The last phase of the Hook is where the user is asked to do some work. This stage has a goal in terms of behavior design. To increase the likelihood that the user will make another pass through the hook when the next trigger is presented. Second, now that the user’s brain is floating in dopamine from the expected reward in the previous step, it’s time to pay some bills. An investment usually comes in the form of asking the user to give some combination of time, data, effort, social capital, or money.

But unlike a sales funnel, which has a set endpoint, the investment phase is not about consumers opening their wallets and continuing every day. An investment is an action that improves service for the next round. Referring friends, setting preferences, creating virtual assets, and learning how to use new features are all commitments that improve the user experience. This investment can be used to make the trigger more attractive, easier to act, and more exciting rewards with each pass through the Hook.

As Barbra is endlessly spinning Pinterest’s cornucopia, she has a desire to preserve what makes her happy. By collecting images, she will give data to the site about her preferences. Soon, she will be subscribing, adding, saving images and making other investments that serve to increase her links to the site and fuel her for future Hook loops.


Whether we like it or not, the technology for forming habits already exists. The fact that we have more network access through our various devices also gives companies greater access to us.
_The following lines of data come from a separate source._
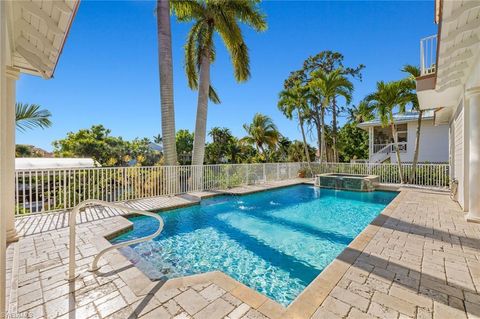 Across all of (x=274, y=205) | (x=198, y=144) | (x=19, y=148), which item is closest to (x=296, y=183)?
(x=274, y=205)

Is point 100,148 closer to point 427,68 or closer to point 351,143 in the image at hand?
point 427,68

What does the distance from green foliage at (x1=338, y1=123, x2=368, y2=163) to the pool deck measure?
18970 mm

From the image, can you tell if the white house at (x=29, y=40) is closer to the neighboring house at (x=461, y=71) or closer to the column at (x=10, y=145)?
the column at (x=10, y=145)

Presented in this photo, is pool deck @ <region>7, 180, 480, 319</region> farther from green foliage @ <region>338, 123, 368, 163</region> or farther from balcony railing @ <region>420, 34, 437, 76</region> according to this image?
green foliage @ <region>338, 123, 368, 163</region>

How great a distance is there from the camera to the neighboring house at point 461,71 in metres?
3.45

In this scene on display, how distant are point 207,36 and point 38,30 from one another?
291 inches

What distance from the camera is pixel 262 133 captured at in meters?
18.0

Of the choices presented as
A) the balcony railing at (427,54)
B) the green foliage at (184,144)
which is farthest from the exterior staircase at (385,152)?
the green foliage at (184,144)

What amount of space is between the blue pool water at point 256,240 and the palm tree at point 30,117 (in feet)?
14.2

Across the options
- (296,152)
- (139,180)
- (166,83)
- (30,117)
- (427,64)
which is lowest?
(139,180)

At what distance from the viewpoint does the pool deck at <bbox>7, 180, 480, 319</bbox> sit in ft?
7.03

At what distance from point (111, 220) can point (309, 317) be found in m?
4.92

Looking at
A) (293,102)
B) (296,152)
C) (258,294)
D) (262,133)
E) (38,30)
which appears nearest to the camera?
(258,294)

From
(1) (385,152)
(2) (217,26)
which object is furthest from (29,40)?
(1) (385,152) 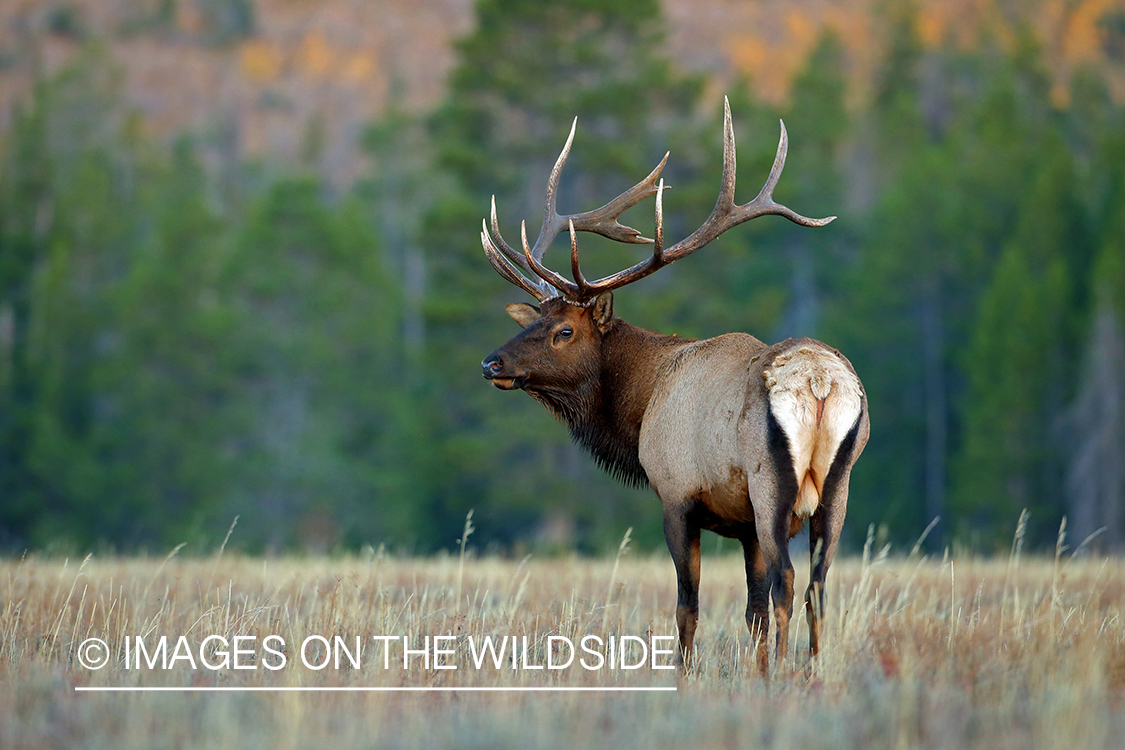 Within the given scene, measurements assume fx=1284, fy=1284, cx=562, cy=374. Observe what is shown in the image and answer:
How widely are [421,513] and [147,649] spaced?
22.3 metres

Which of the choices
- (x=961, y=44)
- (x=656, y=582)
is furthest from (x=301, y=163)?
(x=656, y=582)

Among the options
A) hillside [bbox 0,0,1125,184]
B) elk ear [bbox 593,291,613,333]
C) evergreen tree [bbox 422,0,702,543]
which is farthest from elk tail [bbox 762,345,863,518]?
hillside [bbox 0,0,1125,184]

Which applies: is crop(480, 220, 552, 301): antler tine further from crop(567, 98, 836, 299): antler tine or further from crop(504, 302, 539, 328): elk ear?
crop(567, 98, 836, 299): antler tine

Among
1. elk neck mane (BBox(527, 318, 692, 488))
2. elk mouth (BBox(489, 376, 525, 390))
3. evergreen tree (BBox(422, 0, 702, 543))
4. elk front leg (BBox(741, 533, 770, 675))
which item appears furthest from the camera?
evergreen tree (BBox(422, 0, 702, 543))

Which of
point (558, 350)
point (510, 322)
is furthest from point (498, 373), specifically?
point (510, 322)

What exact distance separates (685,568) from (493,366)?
1948 mm

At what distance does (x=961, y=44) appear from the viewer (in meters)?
65.4

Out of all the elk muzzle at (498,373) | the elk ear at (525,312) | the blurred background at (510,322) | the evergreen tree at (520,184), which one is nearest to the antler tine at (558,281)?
the elk ear at (525,312)

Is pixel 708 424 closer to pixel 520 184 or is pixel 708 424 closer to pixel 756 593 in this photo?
pixel 756 593

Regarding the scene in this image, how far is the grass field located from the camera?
4824 mm

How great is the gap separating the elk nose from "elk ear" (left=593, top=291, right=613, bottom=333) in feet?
2.36

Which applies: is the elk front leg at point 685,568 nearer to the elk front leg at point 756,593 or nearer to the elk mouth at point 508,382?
the elk front leg at point 756,593

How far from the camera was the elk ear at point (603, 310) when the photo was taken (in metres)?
8.44

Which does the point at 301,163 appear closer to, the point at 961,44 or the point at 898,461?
the point at 961,44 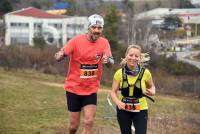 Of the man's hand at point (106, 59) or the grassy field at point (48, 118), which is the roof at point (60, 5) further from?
the man's hand at point (106, 59)

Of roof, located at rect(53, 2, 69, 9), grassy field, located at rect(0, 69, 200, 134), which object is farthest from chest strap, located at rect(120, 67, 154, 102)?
roof, located at rect(53, 2, 69, 9)

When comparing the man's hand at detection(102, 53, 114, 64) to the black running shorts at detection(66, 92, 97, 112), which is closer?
the man's hand at detection(102, 53, 114, 64)

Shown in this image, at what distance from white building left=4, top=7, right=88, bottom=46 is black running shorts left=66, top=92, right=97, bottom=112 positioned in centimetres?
5190

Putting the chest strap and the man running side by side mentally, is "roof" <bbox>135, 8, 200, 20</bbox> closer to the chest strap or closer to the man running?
the man running

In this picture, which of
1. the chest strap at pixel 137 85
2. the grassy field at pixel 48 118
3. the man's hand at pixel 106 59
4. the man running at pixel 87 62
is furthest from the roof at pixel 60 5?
the chest strap at pixel 137 85

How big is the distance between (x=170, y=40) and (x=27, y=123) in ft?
134

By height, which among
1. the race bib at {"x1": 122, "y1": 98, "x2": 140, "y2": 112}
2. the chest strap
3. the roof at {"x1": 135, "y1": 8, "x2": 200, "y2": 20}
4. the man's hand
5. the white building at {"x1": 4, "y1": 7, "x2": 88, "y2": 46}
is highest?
the man's hand

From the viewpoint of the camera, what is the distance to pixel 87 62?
7.30m

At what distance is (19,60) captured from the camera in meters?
40.2

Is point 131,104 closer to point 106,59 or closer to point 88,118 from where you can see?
point 106,59

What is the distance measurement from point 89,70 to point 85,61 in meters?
0.13

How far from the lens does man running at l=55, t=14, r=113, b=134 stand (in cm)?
726

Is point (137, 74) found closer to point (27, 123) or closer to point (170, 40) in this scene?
point (27, 123)

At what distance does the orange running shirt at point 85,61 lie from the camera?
7.29m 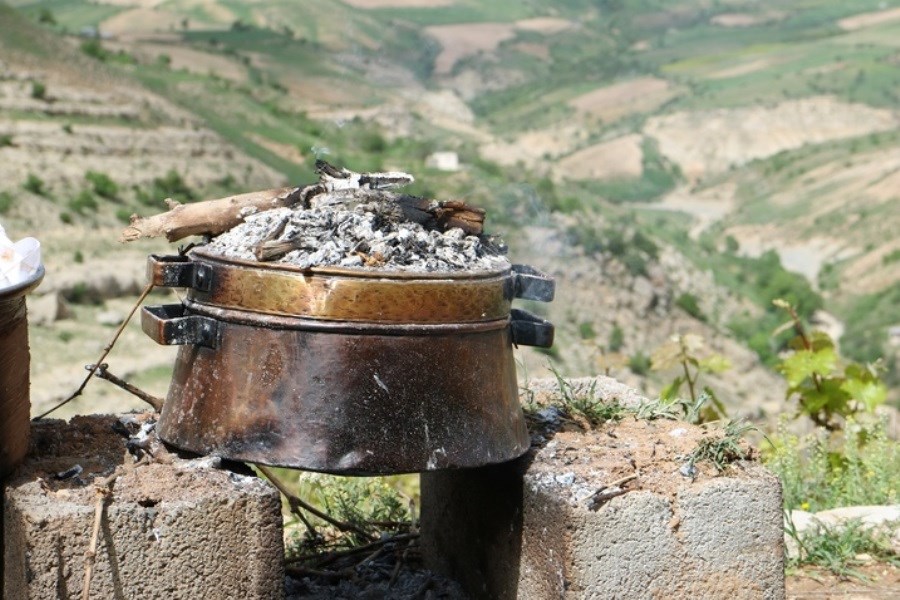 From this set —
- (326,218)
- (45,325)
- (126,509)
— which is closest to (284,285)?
(326,218)

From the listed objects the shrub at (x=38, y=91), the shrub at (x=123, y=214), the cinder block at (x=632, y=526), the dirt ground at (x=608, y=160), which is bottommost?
the dirt ground at (x=608, y=160)

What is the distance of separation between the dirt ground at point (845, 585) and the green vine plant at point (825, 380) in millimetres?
1737

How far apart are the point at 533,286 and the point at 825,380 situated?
3.21 m

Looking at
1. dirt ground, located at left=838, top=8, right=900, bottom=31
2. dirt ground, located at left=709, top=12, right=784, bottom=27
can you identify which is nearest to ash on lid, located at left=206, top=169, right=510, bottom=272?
dirt ground, located at left=838, top=8, right=900, bottom=31

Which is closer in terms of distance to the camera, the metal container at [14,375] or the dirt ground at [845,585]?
the metal container at [14,375]

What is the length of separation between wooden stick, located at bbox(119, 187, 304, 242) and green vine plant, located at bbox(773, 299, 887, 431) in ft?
10.8

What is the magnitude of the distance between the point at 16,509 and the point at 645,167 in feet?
275

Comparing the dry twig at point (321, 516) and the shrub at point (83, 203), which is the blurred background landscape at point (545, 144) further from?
the dry twig at point (321, 516)

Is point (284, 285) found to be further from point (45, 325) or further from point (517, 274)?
A: point (45, 325)

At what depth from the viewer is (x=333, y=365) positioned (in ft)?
11.3

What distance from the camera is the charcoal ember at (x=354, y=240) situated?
353 centimetres

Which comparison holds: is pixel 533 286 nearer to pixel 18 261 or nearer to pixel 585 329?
pixel 18 261

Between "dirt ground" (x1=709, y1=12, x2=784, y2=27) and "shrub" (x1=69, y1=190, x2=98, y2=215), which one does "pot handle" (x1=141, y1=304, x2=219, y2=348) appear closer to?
"shrub" (x1=69, y1=190, x2=98, y2=215)

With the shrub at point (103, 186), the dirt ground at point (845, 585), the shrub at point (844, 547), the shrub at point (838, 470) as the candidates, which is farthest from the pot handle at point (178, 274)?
the shrub at point (103, 186) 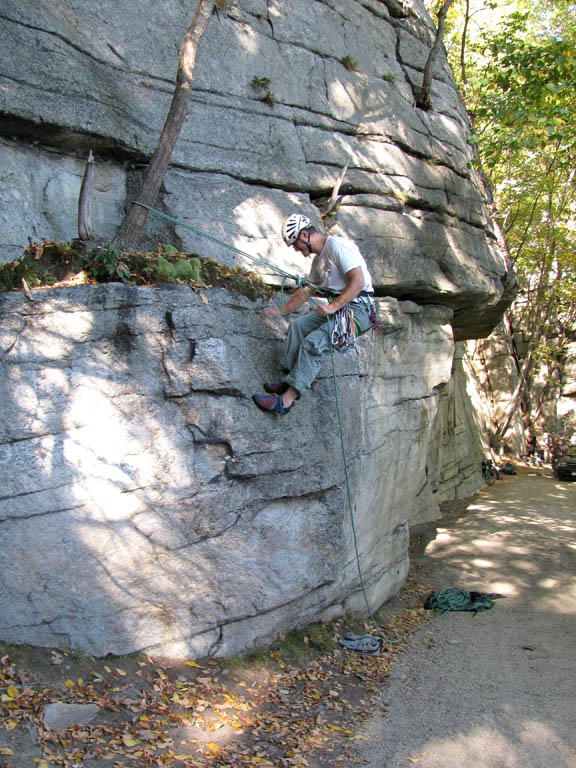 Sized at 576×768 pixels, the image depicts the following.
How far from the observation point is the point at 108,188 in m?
7.27

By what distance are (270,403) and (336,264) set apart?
1459mm

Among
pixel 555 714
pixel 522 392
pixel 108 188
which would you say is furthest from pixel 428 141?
pixel 522 392

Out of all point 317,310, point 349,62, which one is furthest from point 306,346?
point 349,62

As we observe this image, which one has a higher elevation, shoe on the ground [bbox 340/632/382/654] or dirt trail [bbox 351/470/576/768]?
shoe on the ground [bbox 340/632/382/654]

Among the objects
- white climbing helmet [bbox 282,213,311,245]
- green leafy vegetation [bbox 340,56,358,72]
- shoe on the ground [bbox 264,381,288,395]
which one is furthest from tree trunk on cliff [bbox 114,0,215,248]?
green leafy vegetation [bbox 340,56,358,72]

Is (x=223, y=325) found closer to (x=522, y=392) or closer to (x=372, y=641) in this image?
(x=372, y=641)

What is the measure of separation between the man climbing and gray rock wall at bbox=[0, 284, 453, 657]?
0.68 ft

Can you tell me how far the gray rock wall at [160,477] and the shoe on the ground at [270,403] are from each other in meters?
0.10

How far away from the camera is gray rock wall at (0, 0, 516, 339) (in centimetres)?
675

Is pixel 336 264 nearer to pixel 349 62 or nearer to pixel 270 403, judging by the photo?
pixel 270 403

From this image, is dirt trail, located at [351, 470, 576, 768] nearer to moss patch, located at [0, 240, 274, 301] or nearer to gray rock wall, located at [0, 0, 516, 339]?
gray rock wall, located at [0, 0, 516, 339]

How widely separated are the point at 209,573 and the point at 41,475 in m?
1.69

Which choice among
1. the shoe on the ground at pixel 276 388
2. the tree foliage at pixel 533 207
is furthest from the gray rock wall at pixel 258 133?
the tree foliage at pixel 533 207

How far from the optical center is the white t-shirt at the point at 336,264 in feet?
20.4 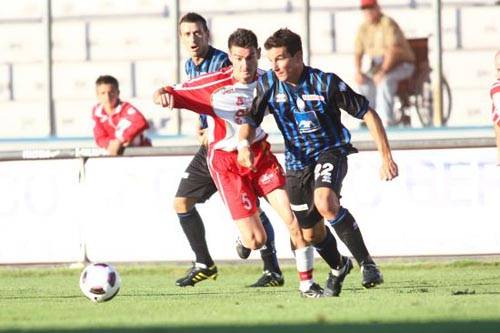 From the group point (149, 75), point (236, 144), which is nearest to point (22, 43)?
point (149, 75)

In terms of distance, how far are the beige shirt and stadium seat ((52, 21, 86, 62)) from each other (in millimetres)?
3661

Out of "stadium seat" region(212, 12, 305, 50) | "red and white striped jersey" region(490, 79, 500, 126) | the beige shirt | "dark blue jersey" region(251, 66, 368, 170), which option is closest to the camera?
"dark blue jersey" region(251, 66, 368, 170)

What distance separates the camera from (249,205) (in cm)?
1035

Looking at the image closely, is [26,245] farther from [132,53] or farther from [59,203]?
[132,53]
As companies combine this broader access with the ability to collect and process our data at faster speeds than ever before, we face a future where things get more exciting. 

This trinity of access, data, and speed creates new opportunities for user engagement technologies. Companies need to know how to harness the power of hooks to improve people’s lives, while consumers need to understand the mechanics of behavior techniques to protect themselves from unwanted manipulation.

Summary : How Facebook, Twitter and Pinterest Hook Users

  • The extent to which a company can leverage engaging technologies will increasingly determine which products and services succeed or fail.
  • Hook technology creates associations with “internal triggers” that users use without the need for marketing, messaging, or other external incentives.
  • The creation of associations with internal triggers comes from the creation of the four components of the Hook – trigger, action, variable reward, and investment.
  • Consumers need to understand how habit forming technology works to prevent unwanted manipulation, while still enjoying the benefits of these innovations.
  • Companies need to understand the mechanics of habit formation in order to increase engagement with their products and services and ultimately help users create wholesome routines.